◆ REQUIRED ACTION
Would you write out the full listing exactly, without any pictures?

PROVIDED MATERIAL: Begin

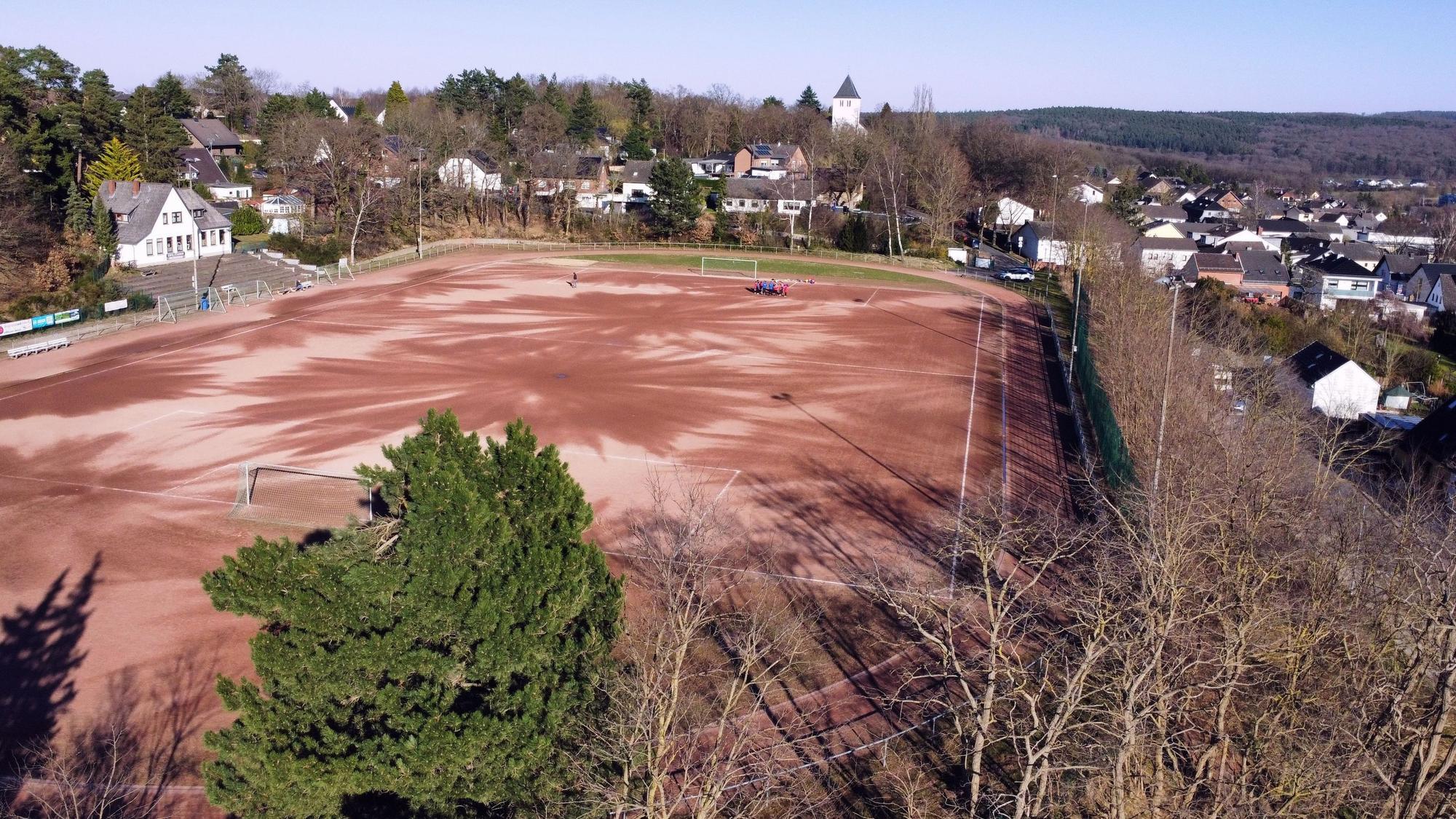 Der Aschenplatz des Mechernicher Eifelstadions aus der Vogelperspektive (Drohnenaufnahme).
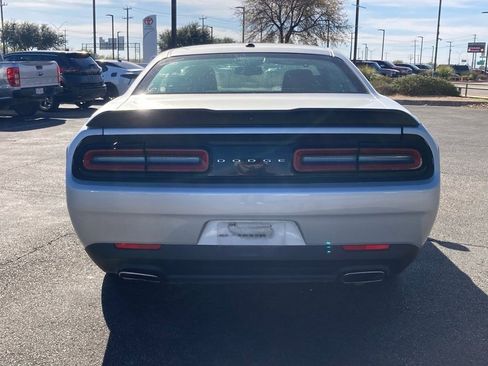 Used 2023 Dodge Challenger SXT image 6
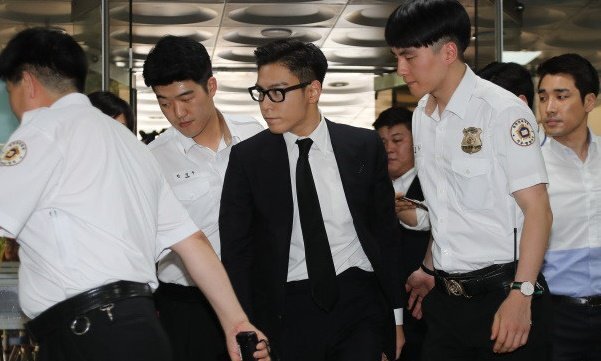 T.O.P (Big Bang) nhập ngũ trở lại sau lệnh trục xuất vì hút cần sa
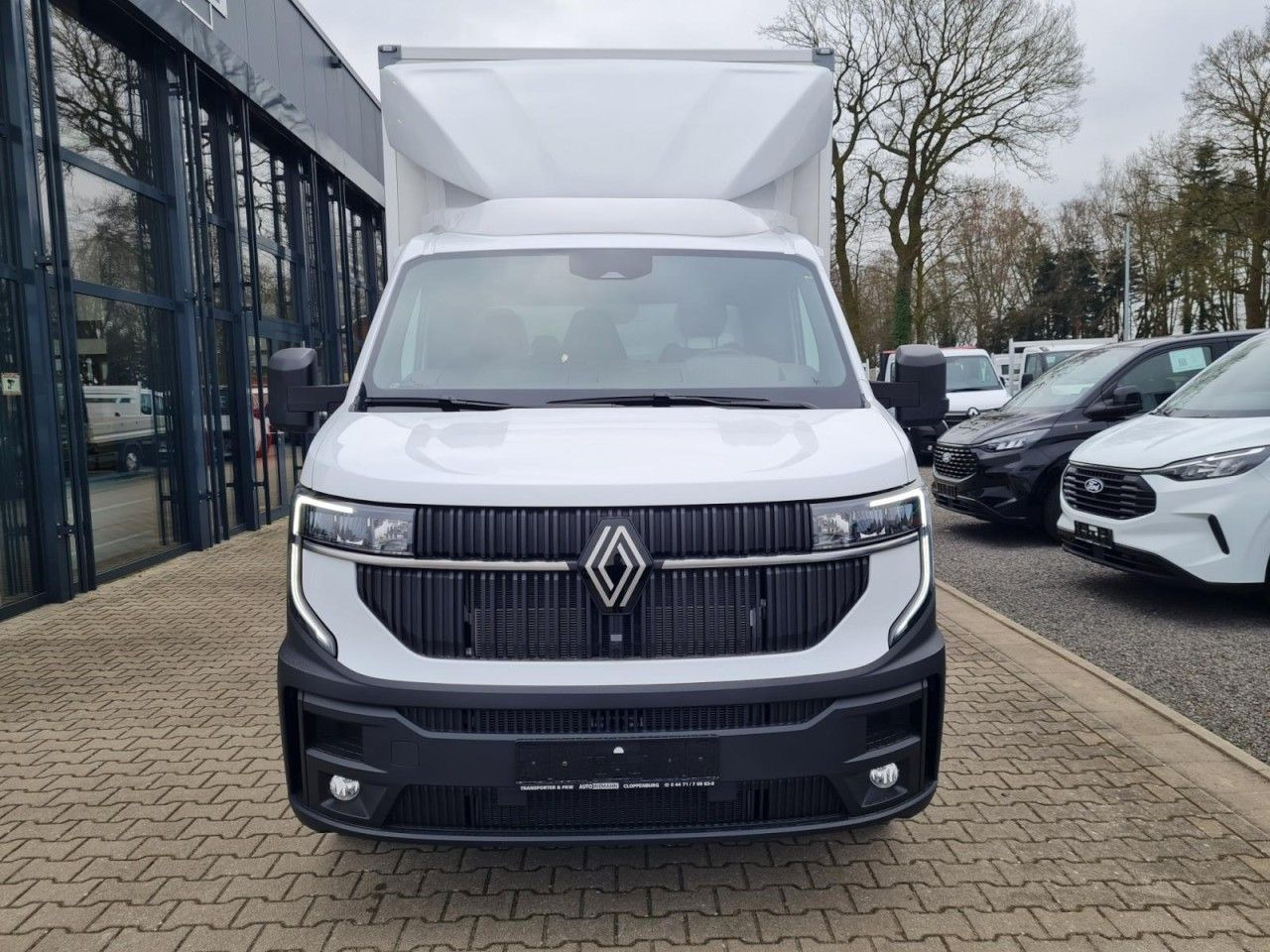 Renault New Master 35 Möbel Koffer KLIMA LUFTFEDER TEMPO - כלי רכב מסחרי עם תיבה: תמונה 2 Renault New Master 35 Möbel Koffer KLIMA LUFTFEDER TEMPO - כלי רכב מסחרי עם תיבה: תמונה 2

PROVIDED MATERIAL: End

◆ ANSWER BELOW
 Der Aschenplatz des Mechernicher Eifelstadions aus der Vogelperspektive (Drohnenaufnahme).
 Used 2023 Dodge Challenger SXT image 6
 T.O.P (Big Bang) nhập ngũ trở lại sau lệnh trục xuất vì hút cần sa
 Renault New Master 35 Möbel Koffer KLIMA LUFTFEDER TEMPO - כלי רכב מסחרי עם תיבה: תמונה 2 Renault New Master 35 Möbel Koffer KLIMA LUFTFEDER TEMPO - כלי רכב מסחרי עם תיבה: תמונה 2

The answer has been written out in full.